§ YOUR GOAL: Would you repeat the entries below exactly and omit the pictures?

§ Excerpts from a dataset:
──────────

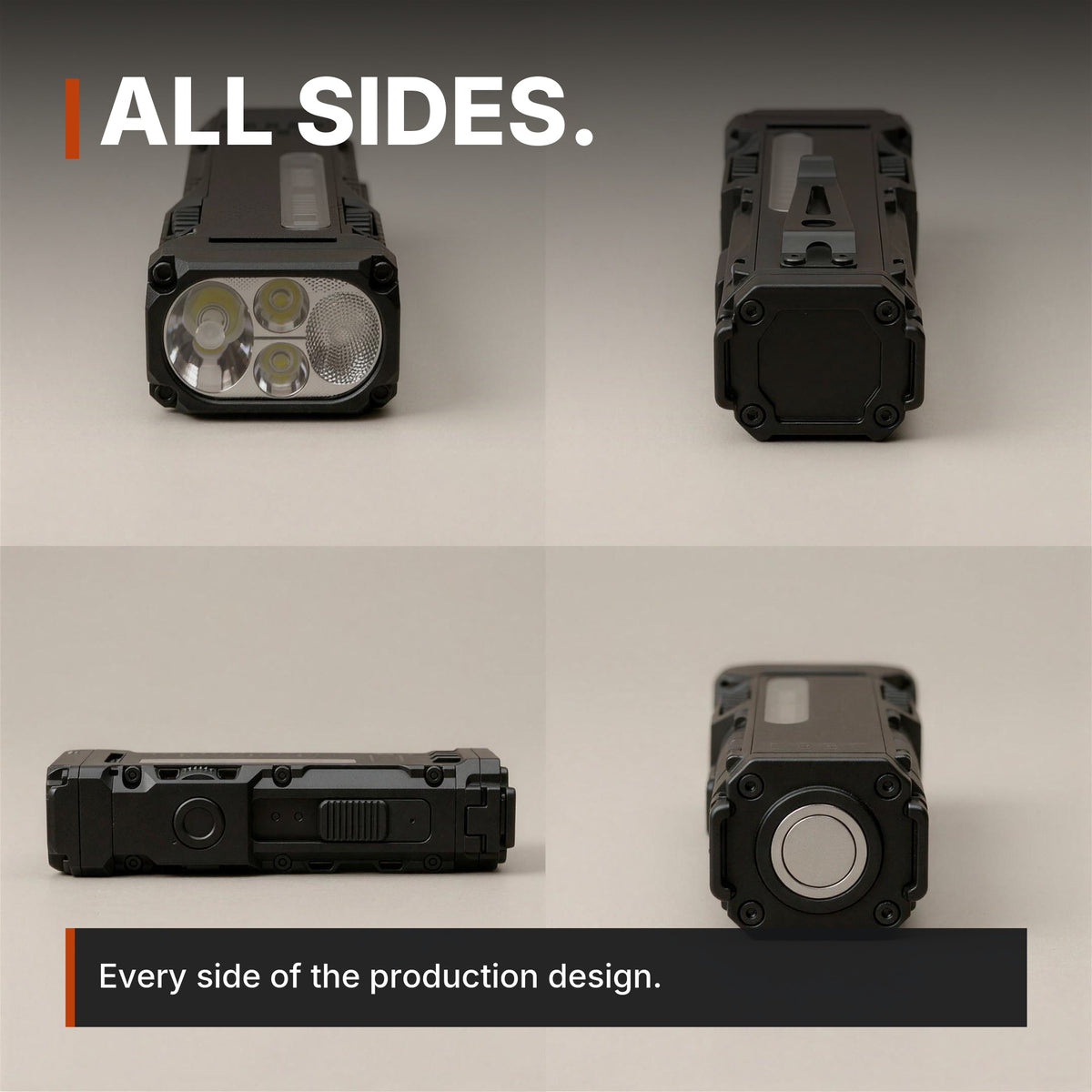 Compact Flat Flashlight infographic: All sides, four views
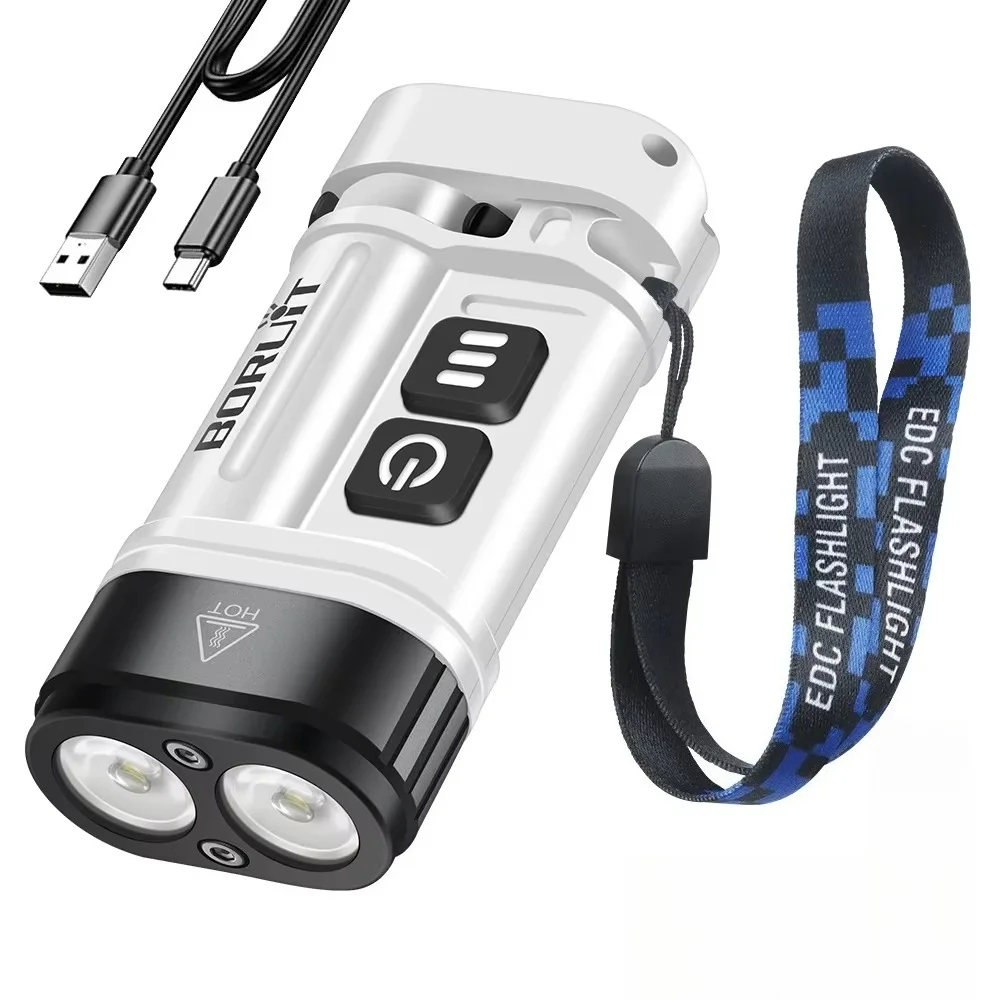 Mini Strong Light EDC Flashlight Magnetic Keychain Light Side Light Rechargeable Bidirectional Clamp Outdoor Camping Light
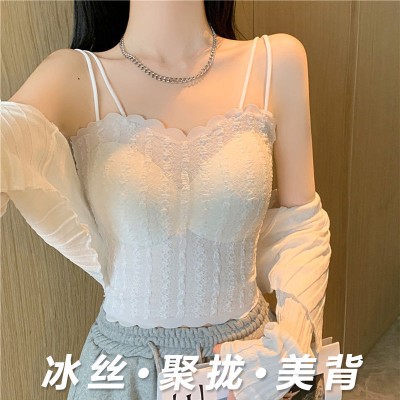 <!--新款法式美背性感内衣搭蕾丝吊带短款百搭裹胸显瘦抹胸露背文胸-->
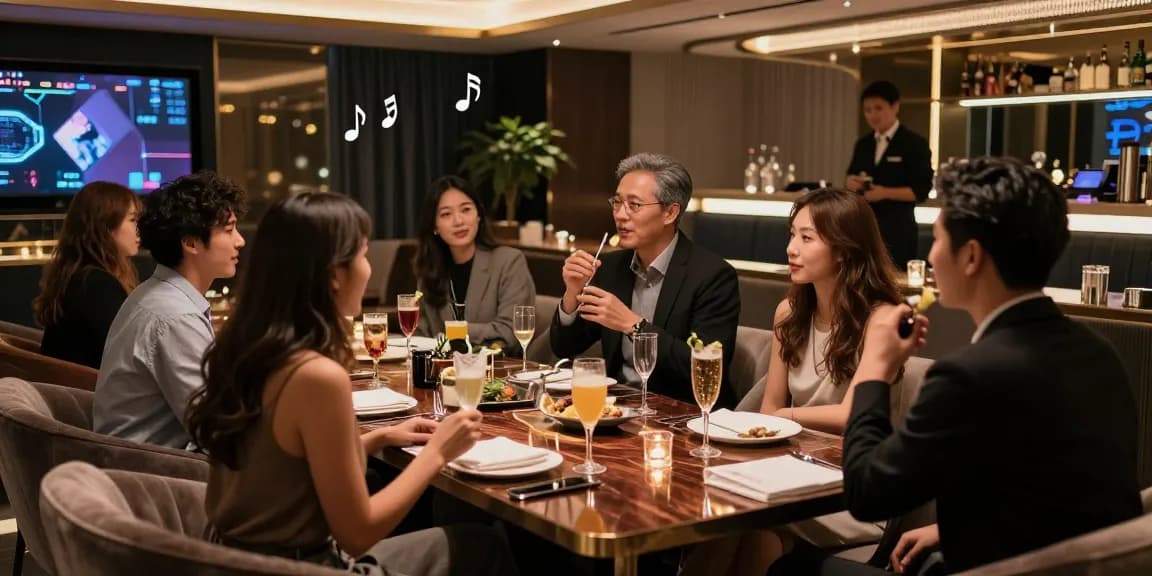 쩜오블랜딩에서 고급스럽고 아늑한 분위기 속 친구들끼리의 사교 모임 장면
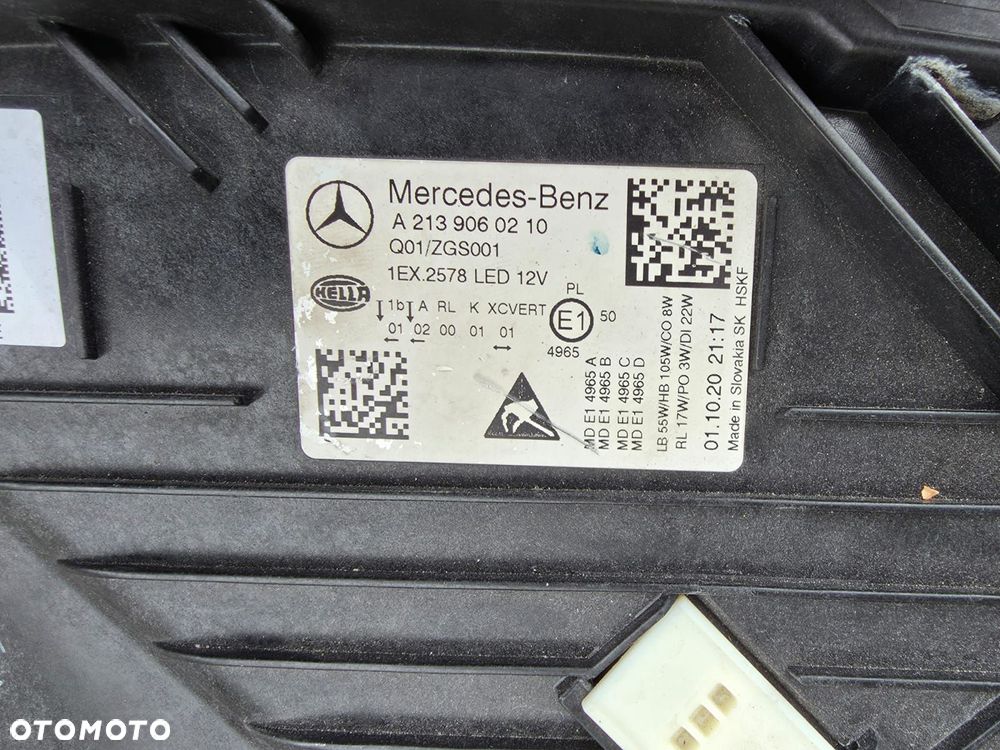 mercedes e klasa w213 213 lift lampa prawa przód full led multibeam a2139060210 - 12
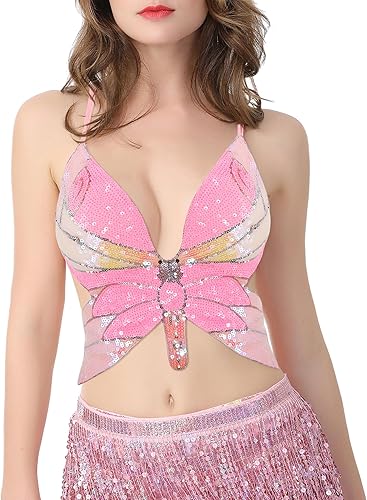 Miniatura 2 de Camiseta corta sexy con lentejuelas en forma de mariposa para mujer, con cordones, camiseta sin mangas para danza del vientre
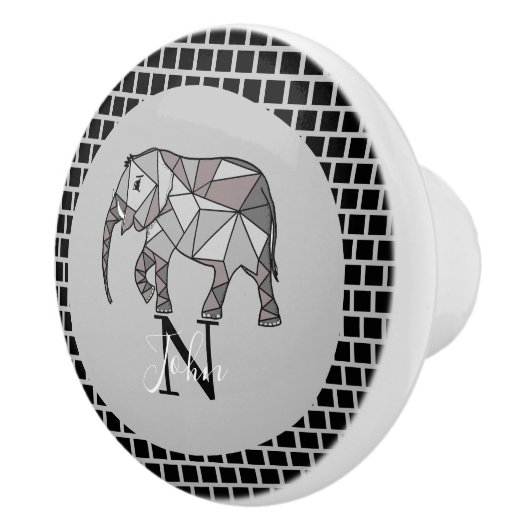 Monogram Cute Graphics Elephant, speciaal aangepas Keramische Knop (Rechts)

──────────

§ RESULT:
 Compact Flat Flashlight infographic: All sides, four views
 Mini Strong Light EDC Flashlight Magnetic Keychain Light Side Light Rechargeable Bidirectional Clamp Outdoor Camping Light
 <!--新款法式美背性感内衣搭蕾丝吊带短款百搭裹胸显瘦抹胸露背文胸-->
 쩜오블랜딩에서 고급스럽고 아늑한 분위기 속 친구들끼리의 사교 모임 장면
 mercedes e klasa w213 213 lift lampa prawa przód full led multibeam a2139060210 - 12
 Miniatura 2 de Camiseta corta sexy con lentejuelas en forma de mariposa para mujer, con cordones, camiseta sin mangas para danza del vientre
 Monogram Cute Graphics Elephant, speciaal aangepas Keramische Knop (Rechts)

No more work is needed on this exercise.